Clubs were welcomed at the opening ceremony by AUC youth ministries director Pastor Jeff Parker, who officially opened the camporee. Other special guests included South Pacific Division (SPD) ministry and strategy associate director Dr Nick Kross, AUC president Pastor Terry Johnson and Pastor Ron Whitehead, who is children’s, youth and young adult ministries director at Lake Union Conference in Michigan, US.
The five-day event, held on a property 15km east of Tumbarumba in rural NSW, was split into six subcamps, with two chaplains and a subcamp leader allocated to each section. Pathfinders participated in a wide range of outdoor activities based on the camporee theme “Treasured”—focused on Mary Magdalene, and how she found her worth in Jesus.
Clubs gathered during the evenings to hear Sydney-based speaker Pastor Raul Moran. The nightly worships also included a highlight video from each day, special items from the Pathfinders and drama presentations.
Severe weather warnings were issued throughout the week, with storms predicted on several days. However, none of the predicted storms reached the campsite. Pastor Johnson explained, “We witnessed one weather-related miracle after another each day which was inspiring, and we thank God for that.”
AUC resource development and children’s ministry director Pastor Tony Knight and resource development coordinator Amanda Bews launched the newest edition of The Hunter Chronicles book series during the morning worship program on Sabbath.
Pastor Knight said, “It was a real treat for Amanda and I to launch the newest Hunter Chronicles book, Hunter and the High Country Heist, at the Treasured camporee. Even more exciting is that almost 1000 people went home with copies of the new book.

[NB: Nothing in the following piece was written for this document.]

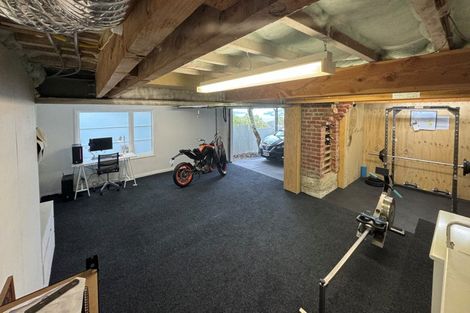 Photo of property in 102 Homebush Road, Khandallah, Wellington, 6035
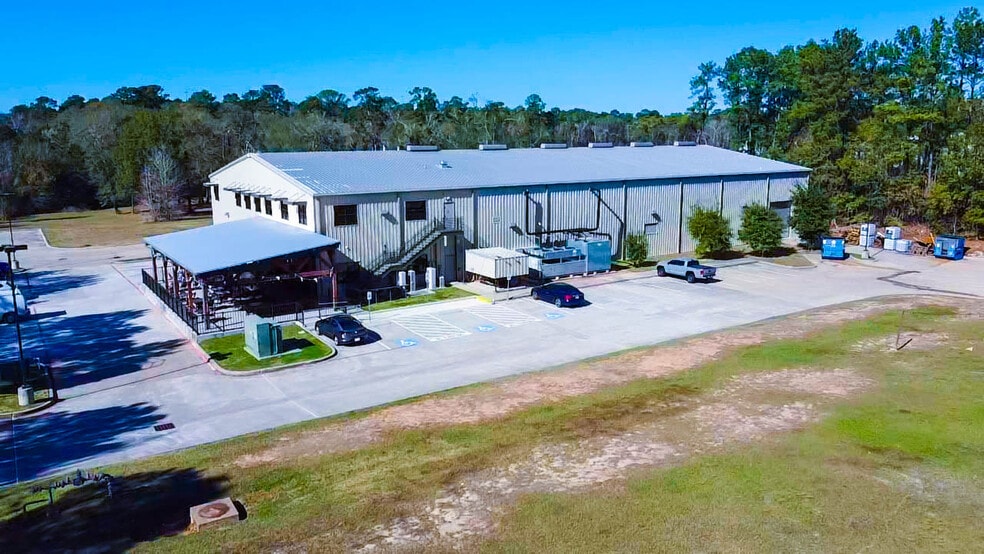 Primary Photo Of 3525 N Frazier St, Conroe Manufacturing For Sale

“From the huge number of kids and leaders that stopped by to chat with us, it’s obvious that there is a huge need for more home-grown spiritual adventure stories for Aussie kids.”
Ms Bews said she appreciated receiving the children’s feedback about the books. “Lots of Pathfinders visited our display over the weekend, sharing with us which stories they liked best. It was fantastic to have the opportunity to talk with them about the series and hear the impact the books are making in their lives.”
On Sabbath, clubs participated in a combined activity followed by the baptism of five Pathfinders who chose to dedicate their lives to God. “[We thank] the Holy Spirit for inspiring more than 700 decisions for baptism, making this the best evangelism campaign in Australia!” Pastor Johnson said.
“Pathfinder camporees are significant memory events that impact the lives of the Pathfinders,” Pastor Parker said. “They become anchor points in their Christian development. Many Pathfinders make lifelong decisions to follow Jesus at camporees. Many hundreds of our Pathfinders chose to have Bible studies and be baptised in the future.
“Pathfinders is the best mentoring program that we offer as a Church. The intergenerational connections that are created impact the life of the Pathfinder. This informal mentoring cannot be underestimated; it is truly life-changing.”